→ PROVIDED MATERIAL
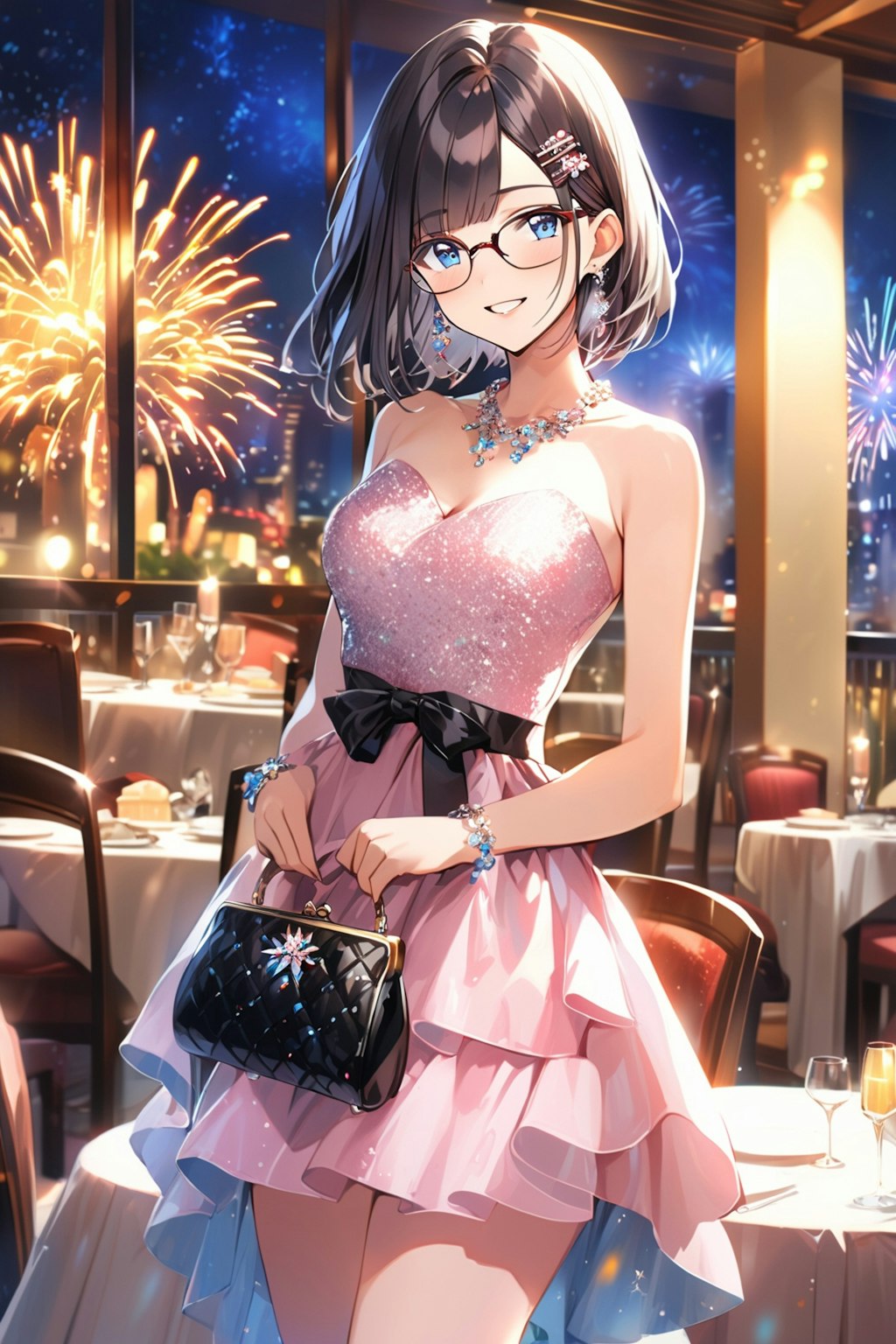 パーティのメガネちゃん🍷👓✨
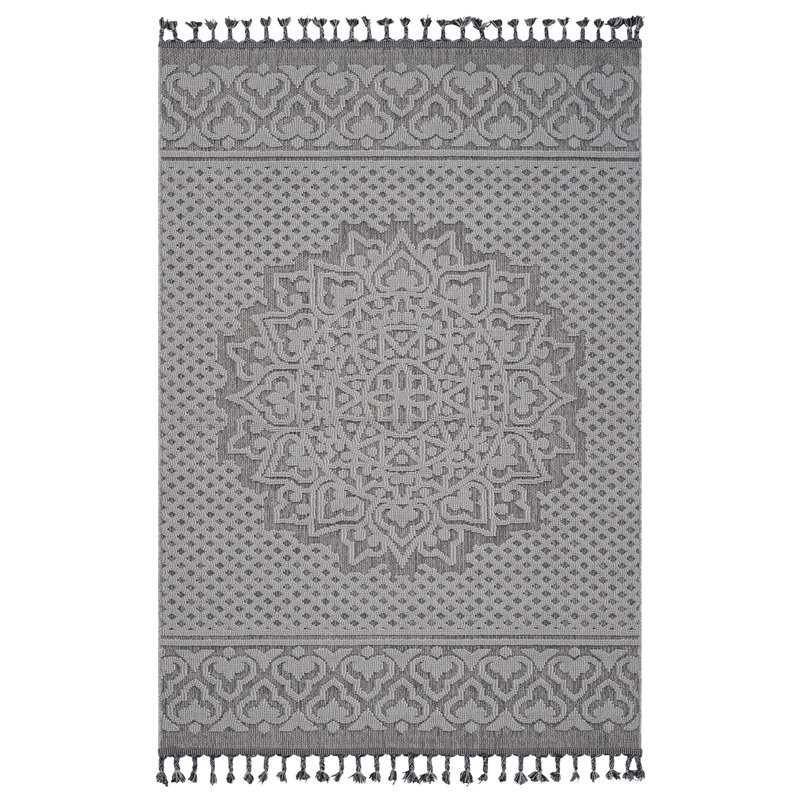 Tapis intérieur / extérieur Medallion, Rectangle 5 pi 3 po x 7 pi 6 po
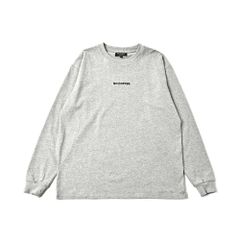 ロゴ刺繍 L/S Tee (GRAY)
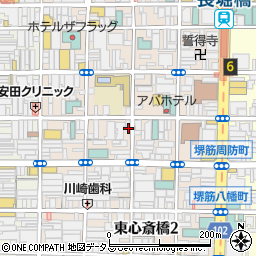 大阪府大阪市中央区東心斎橋1丁目15-2周辺の地図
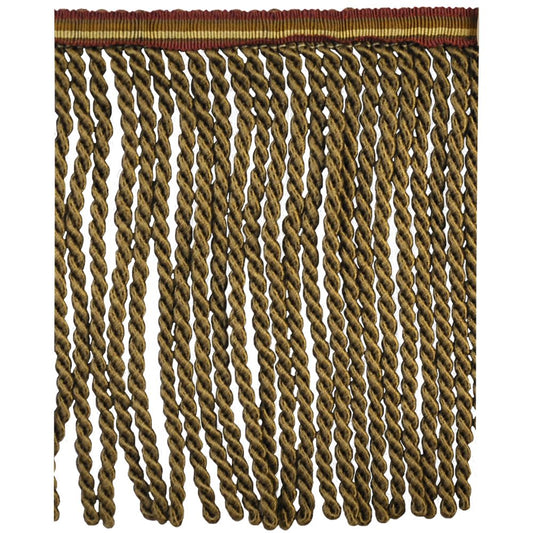 Fairville Collection - 9" Bullion Fringe (5 Yard Roll) - BF-4026-88/16 Chocolate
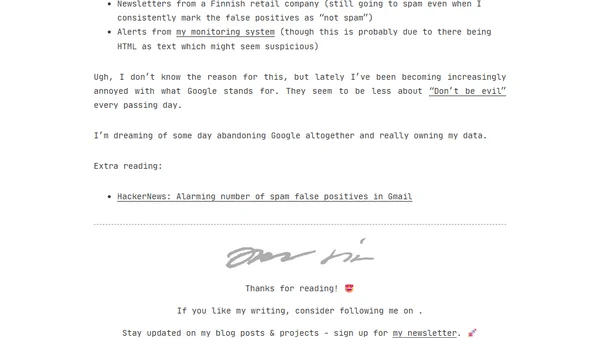 GMail´s spam detector failing?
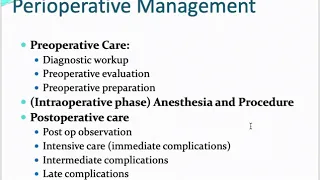 Perioperative management | General Surgery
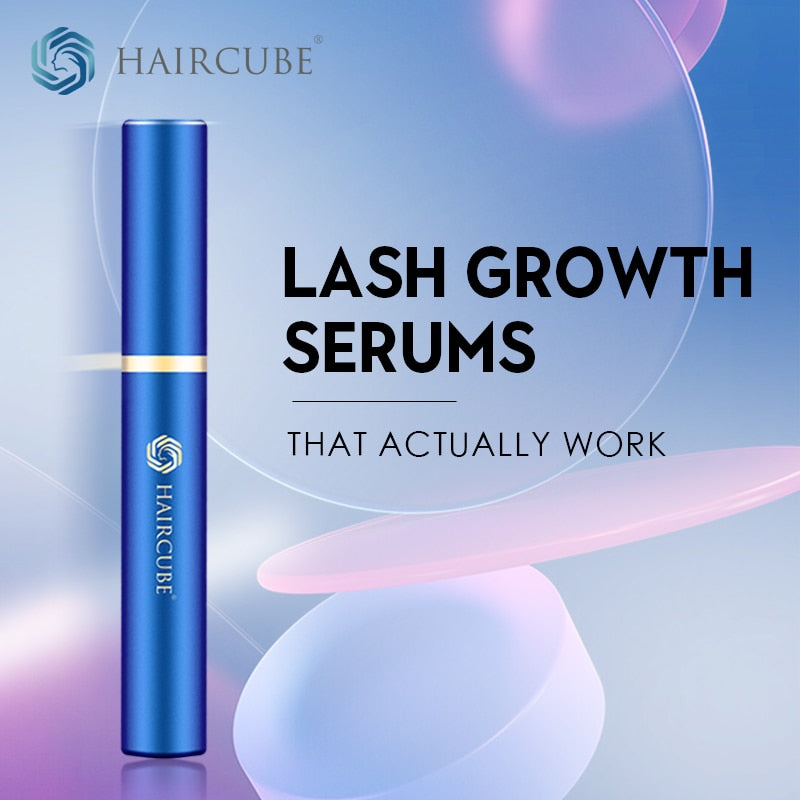 HAIRCUBE Eyelashes Growth Serum Eyelash Nourishing Essence For Eyelashes Growth Enhancer Lengthening Thicker Longer Eye Lashes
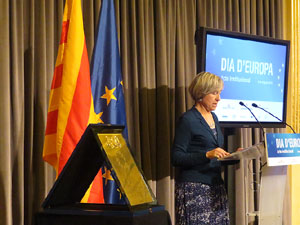 Celebració del Dia d'Europa 2016 al Saló de Descans del Teatre Municipal de Girona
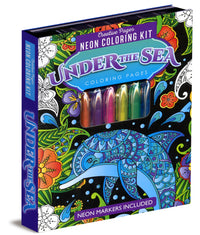 Under the Sea Neon Creative Pages Coloring Kit
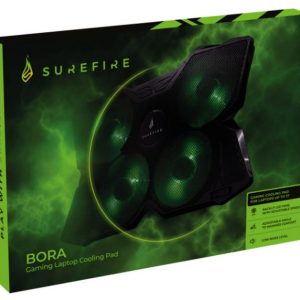 Surefire Bora Gaming Laptop Cooling Pad Green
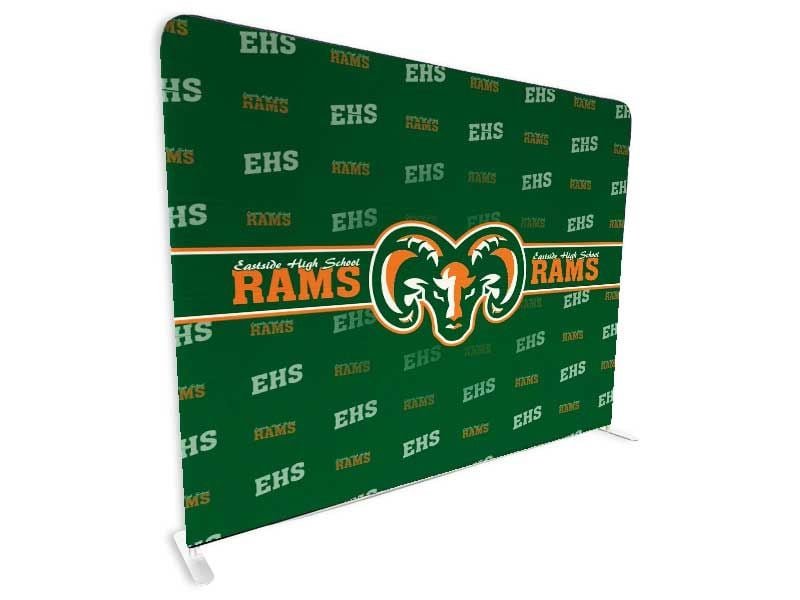 Rams Backdrop with Stand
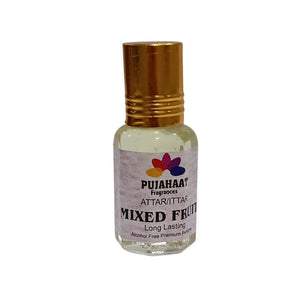 Pujahaat Premium Alcohol-Free Attar | Ittar 6ml, Long-Lasting Travel Size Roll-On, Best Fruity Attar Fragrance Oil - Mixed Fruit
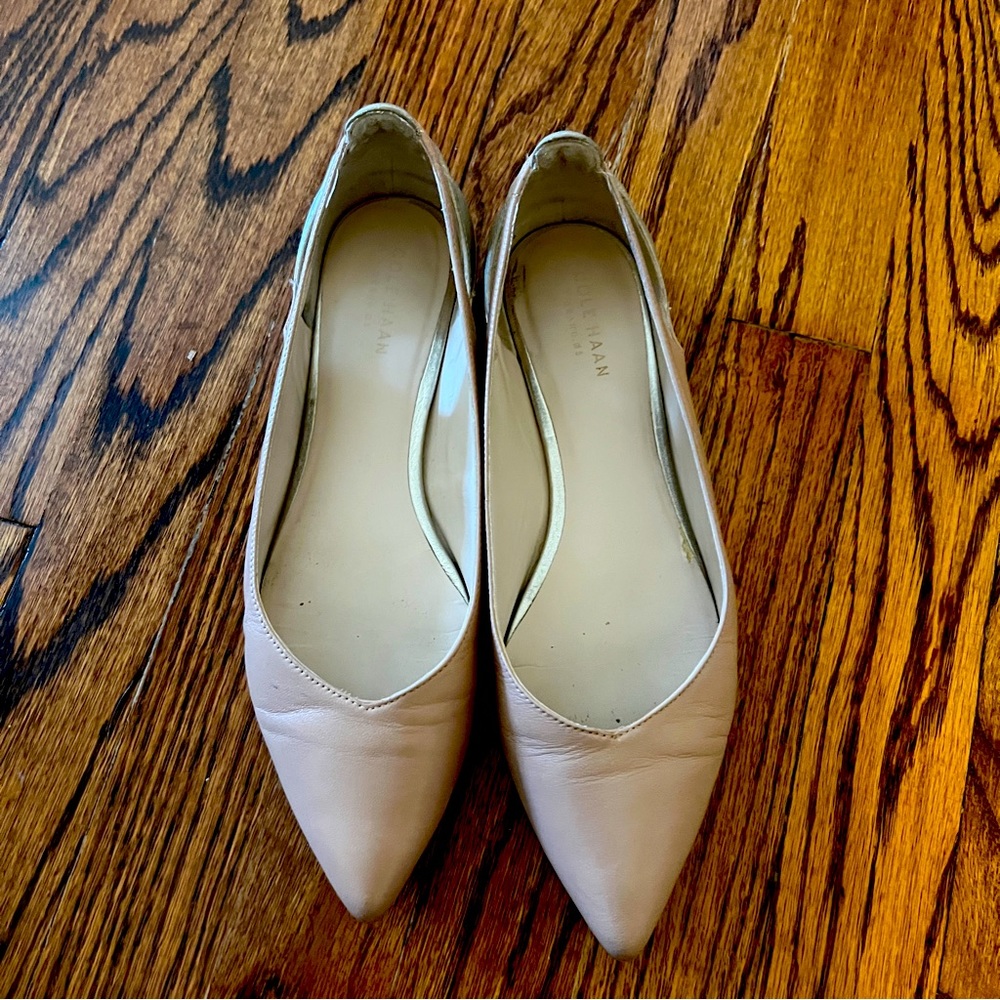 Cole Haan beige flats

→ ABOUT THIS EXERCISE
If an entry contains an image, skip the image and return the rest of the listing unchanged.

→ RESULT FOR THIS TASK
 パーティのメガネちゃん🍷👓✨
 Tapis intérieur / extérieur Medallion, Rectangle 5 pi 3 po x 7 pi 6 po
 ロゴ刺繍 L/S Tee (GRAY)
 大阪府大阪市中央区東心斎橋1丁目15-2周辺の地図
 Fairville Collection - 9" Bullion Fringe (5 Yard Roll) - BF-4026-88/16 Chocolate
 GMail´s spam detector failing?
 Perioperative management | General Surgery
 HAIRCUBE Eyelashes Growth Serum Eyelash Nourishing Essence For Eyelashes Growth Enhancer Lengthening Thicker Longer Eye Lashes
 Celebració del Dia d'Europa 2016 al Saló de Descans del Teatre Municipal de Girona
 Under the Sea Neon Creative Pages Coloring Kit
 Surefire Bora Gaming Laptop Cooling Pad Green
 Rams Backdrop with Stand
 Pujahaat Premium Alcohol-Free Attar | Ittar 6ml, Long-Lasting Travel Size Roll-On, Best Fruity Attar Fragrance Oil - Mixed Fruit
 Cole Haan beige flats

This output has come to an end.